■ WORK INSTRUCTION ■
Wherever pictures appear in the listing below, leave them out, and copy exactly, and only, everything from the line with "DOOM Multiplayer Gameplay" down to the line with "new 2025 Land".

■ ENTRIES PROVIDED ■
—————
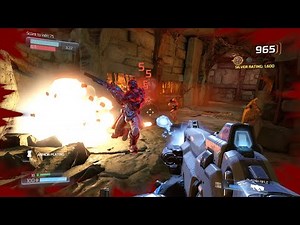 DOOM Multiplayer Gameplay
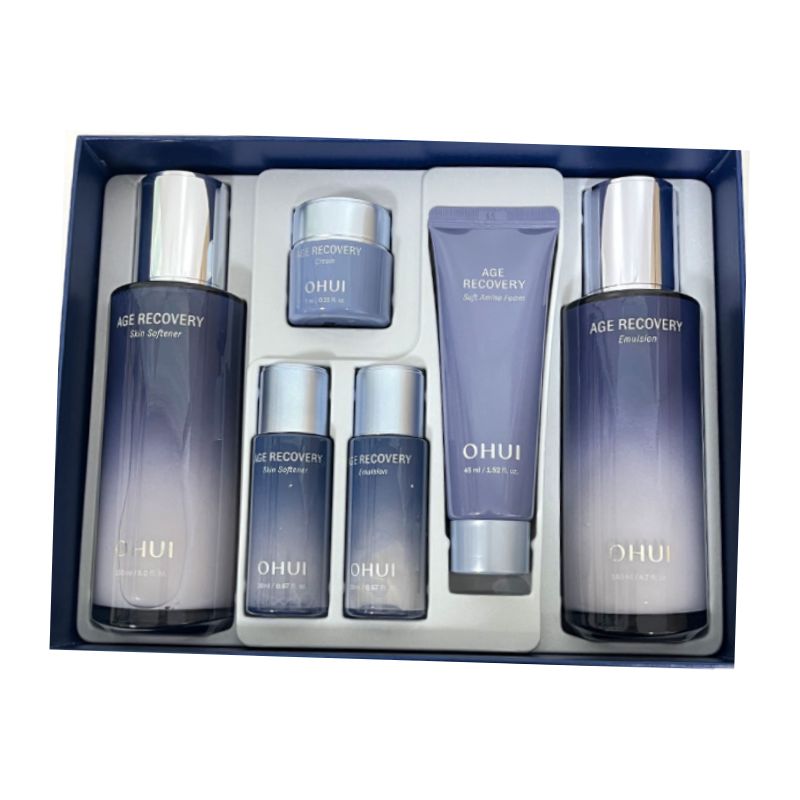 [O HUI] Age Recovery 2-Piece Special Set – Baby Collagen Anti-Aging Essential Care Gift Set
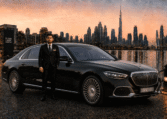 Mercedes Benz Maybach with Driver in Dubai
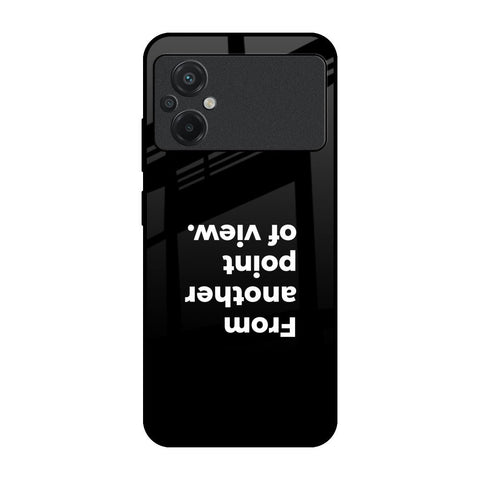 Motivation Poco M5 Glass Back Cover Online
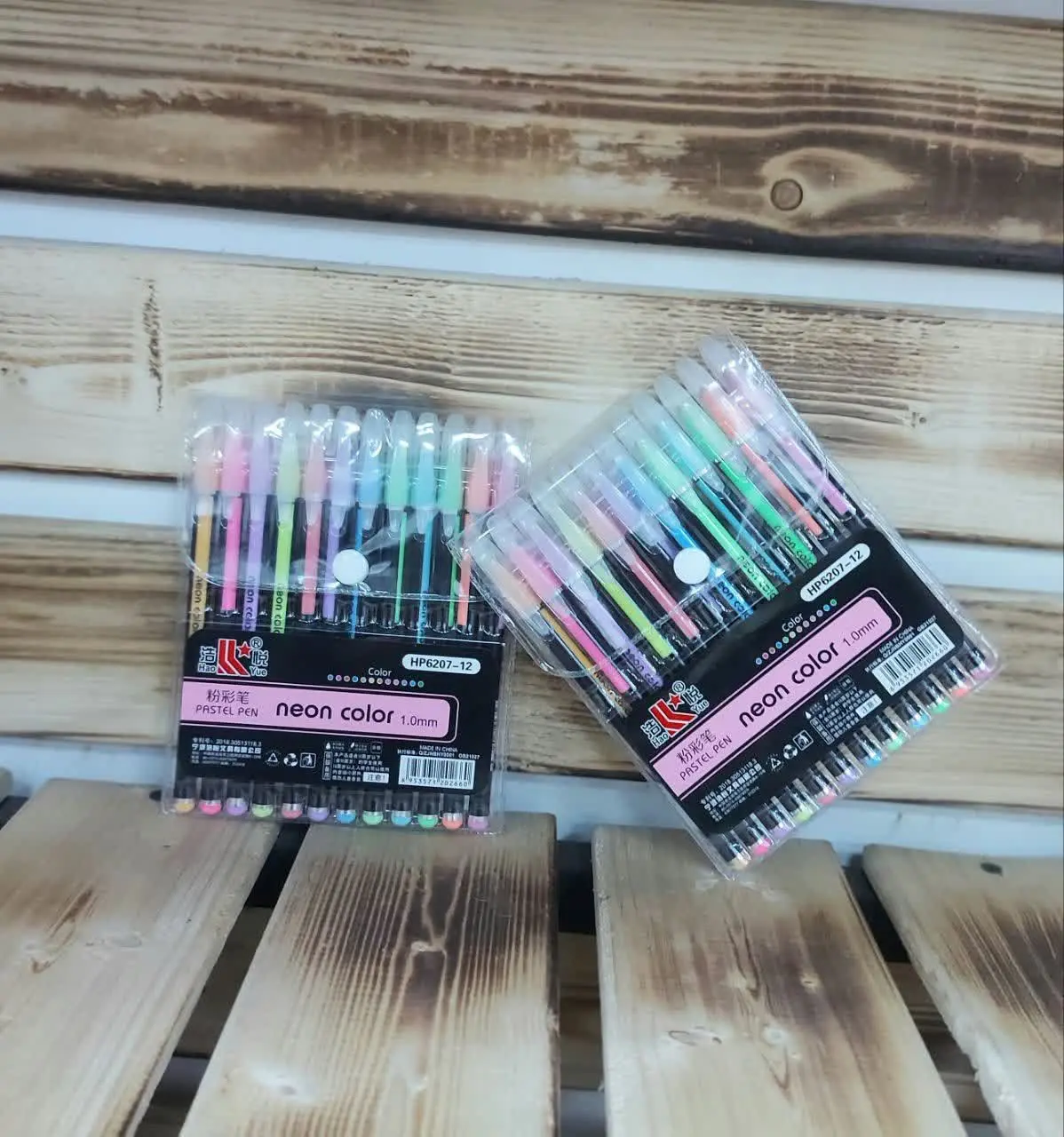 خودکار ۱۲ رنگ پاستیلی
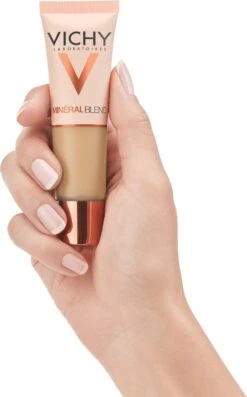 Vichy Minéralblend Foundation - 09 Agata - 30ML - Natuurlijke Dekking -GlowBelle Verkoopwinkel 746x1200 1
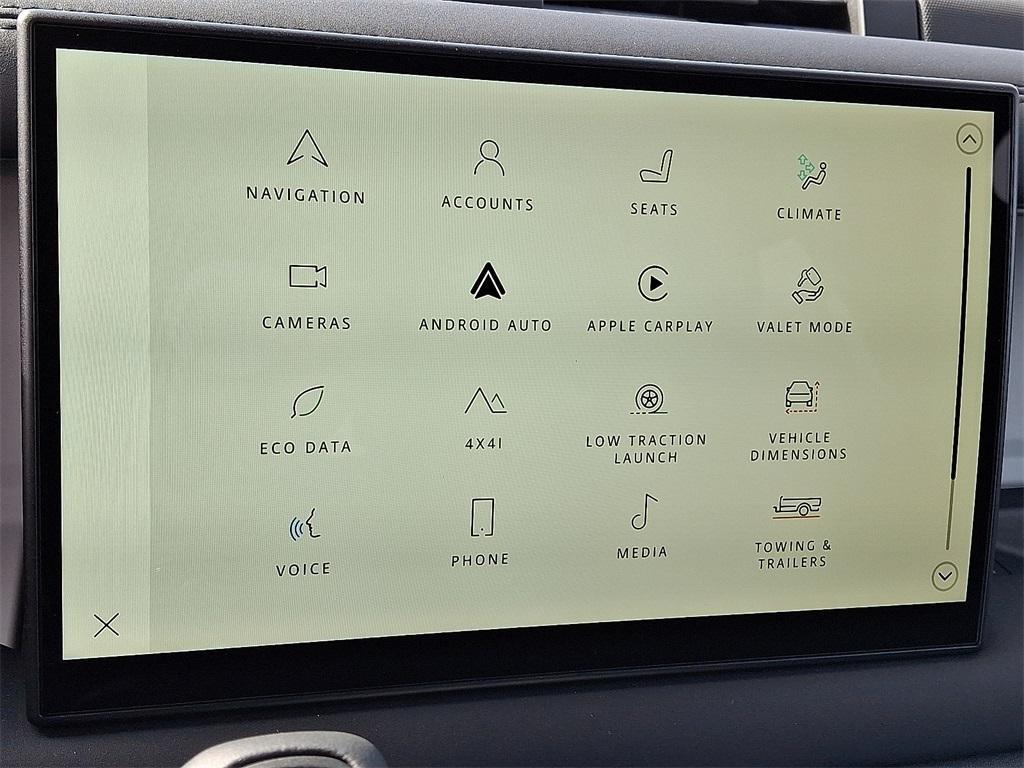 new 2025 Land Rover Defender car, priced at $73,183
—————
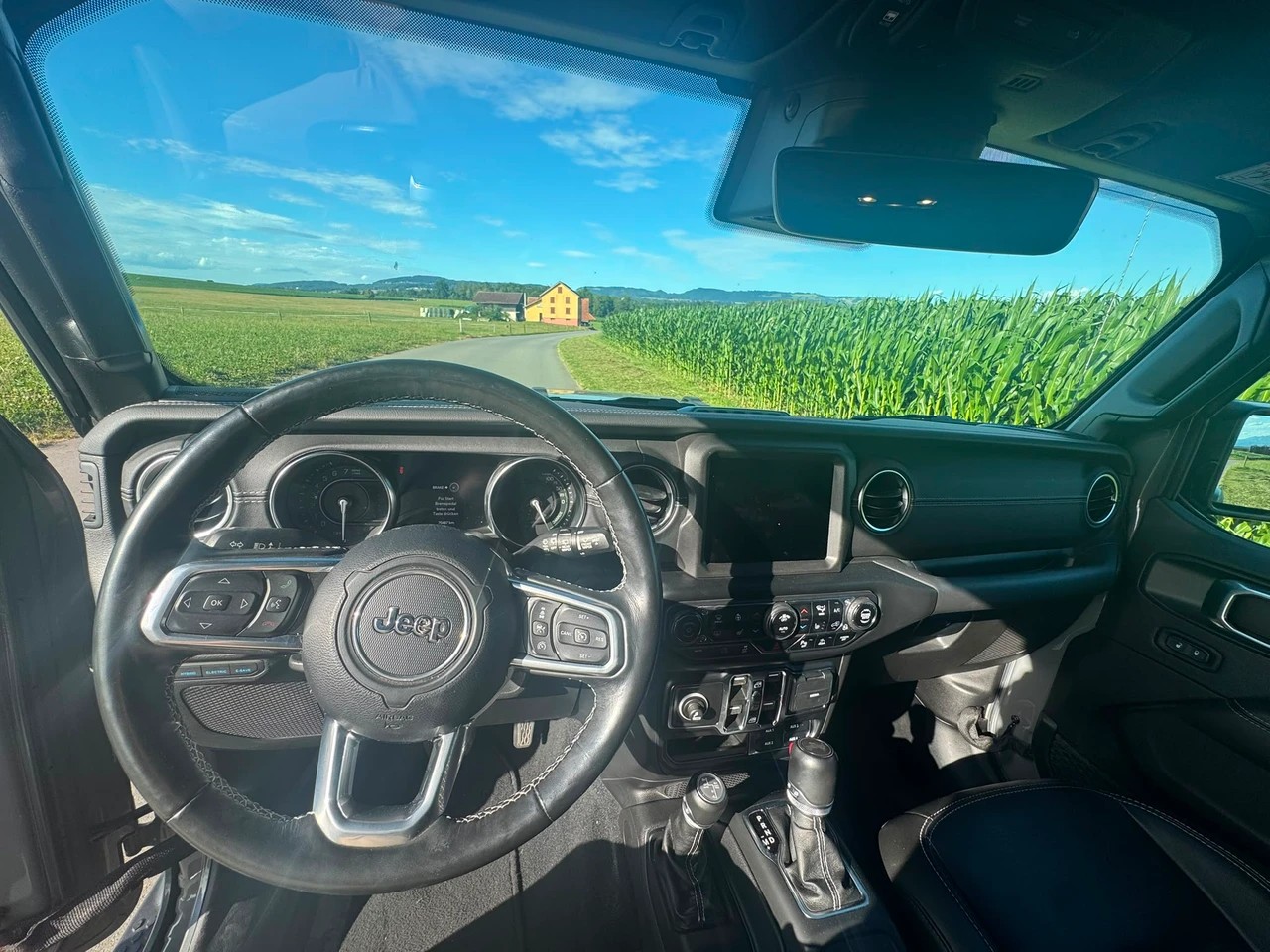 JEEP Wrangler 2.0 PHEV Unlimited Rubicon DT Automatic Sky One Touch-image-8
—————
■ TASK SOLUTION ■
 DOOM Multiplayer Gameplay
 [O HUI] Age Recovery 2-Piece Special Set – Baby Collagen Anti-Aging Essential Care Gift Set
 Mercedes Benz Maybach with Driver in Dubai
 Motivation Poco M5 Glass Back Cover Online
 خودکار ۱۲ رنگ پاستیلی
 Vichy Minéralblend Foundation - 09 Agata - 30ML - Natuurlijke Dekking -GlowBelle Verkoopwinkel 746x1200 1
 new 2025 Land Rover Defender car, priced at $73,183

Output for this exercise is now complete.